The Load Balancer Lied
- lesson
- health-checks
- connection-draining
- l4-vs-l7
- sticky-sessions
- graceful-shutdown
- l2 ---# The Load Balancer Lied
Topics: health checks, connection draining, L4 vs L7, sticky sessions, graceful shutdown Level: L2 (Operations) Time: 60–75 minutes Prerequisites: Basic networking (see "What Happens When You Click a Link")
The Mission¶
The dashboard shows all backends healthy. Green checkmarks everywhere. But users are seeing 500 errors. You curl the health endpoint — 200 OK. You curl the actual API — 500 Internal Server Error.
The load balancer is lying. Not maliciously — it's checking the wrong thing. The health check passes (the web framework responds) while the application is broken (the database connection is dead). This is one of the most common and most subtle failure modes in production.
How Health Checks Actually Work¶
A load balancer periodically sends requests to each backend. If the backend responds correctly, it's "healthy." If it doesn't, the backend is removed from the pool.
Load Balancer → GET /health → Backend A: 200 OK ✓ (in pool)
Load Balancer → GET /health → Backend B: 200 OK ✓ (in pool)
Load Balancer → GET /health → Backend C: no response ✗ (removed)

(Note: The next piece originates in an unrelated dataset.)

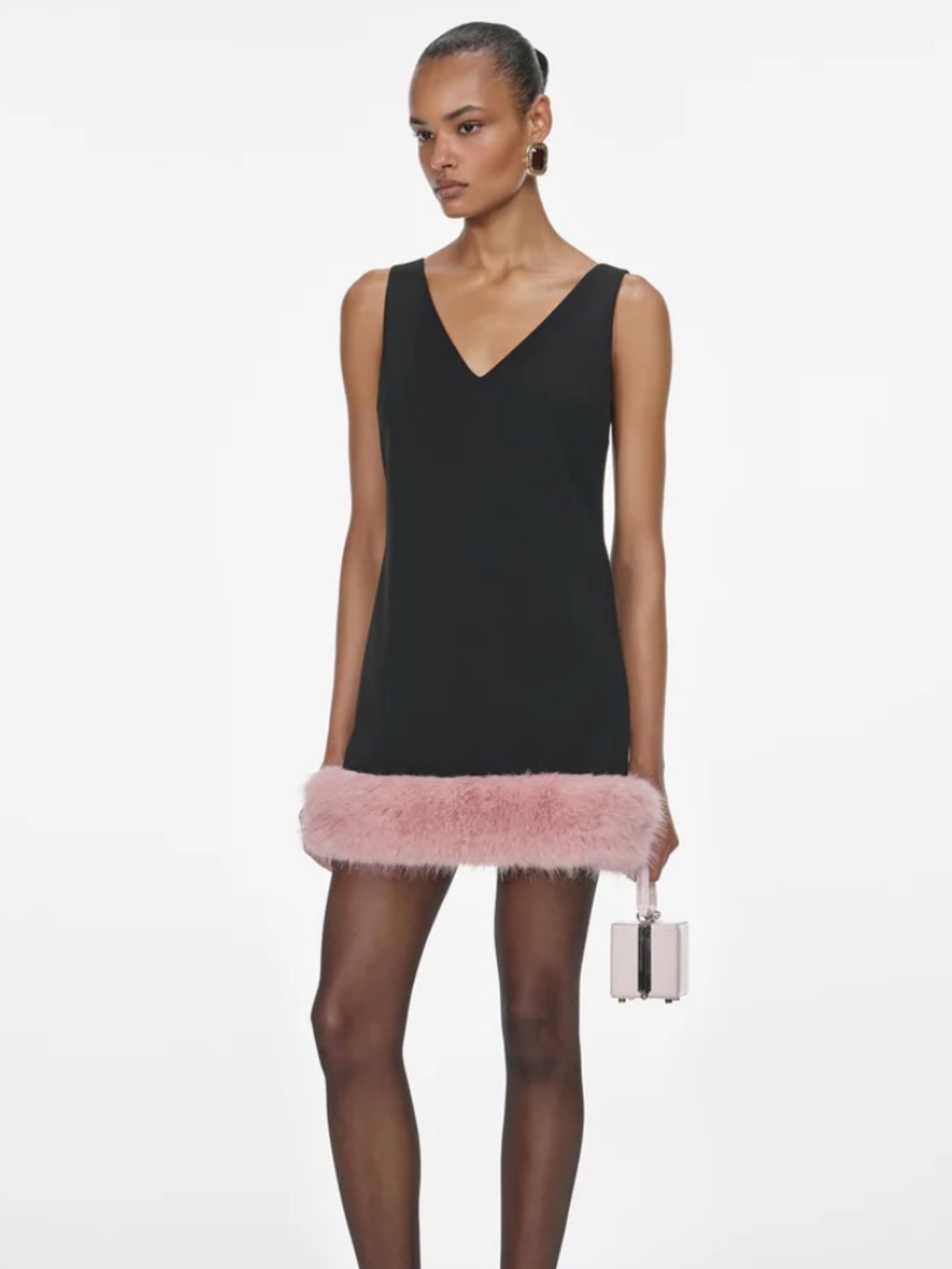 Self-Portrait Black Mini Dress with Pink Fur Hem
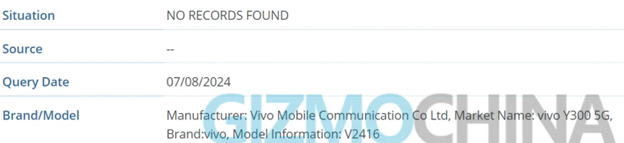 Vivo Y300 Pro 5G was spotted in the IMEI database a few months ago. (Screenshot Credit - Gizmochina).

The shallow health check trap¶
# BAD — always returns 200 if the web framework is running
@app.get("/health")
def health():
return {"status": "ok"}
# This checks: "is Python running?" Not: "can the app serve requests?"
The framework is running. Python is alive. But the database connection pool is exhausted, Redis is unreachable, and the disk is full. The health check returns 200 while every real request returns 500.
# GOOD — checks actual dependencies
@app.get("/health")
def health():
checks = {}
# Check database
try:
db.execute("SELECT 1")
checks["database"] = "ok"
except Exception as e:
checks["database"] = str(e)
return JSONResponse({"status": "unhealthy", "checks": checks}, status_code=503)
# Check Redis
try:
redis.ping()
checks["redis"] = "ok"
except Exception as e:
checks["redis"] = str(e)
return JSONResponse({"status": "unhealthy", "checks": checks}, status_code=503)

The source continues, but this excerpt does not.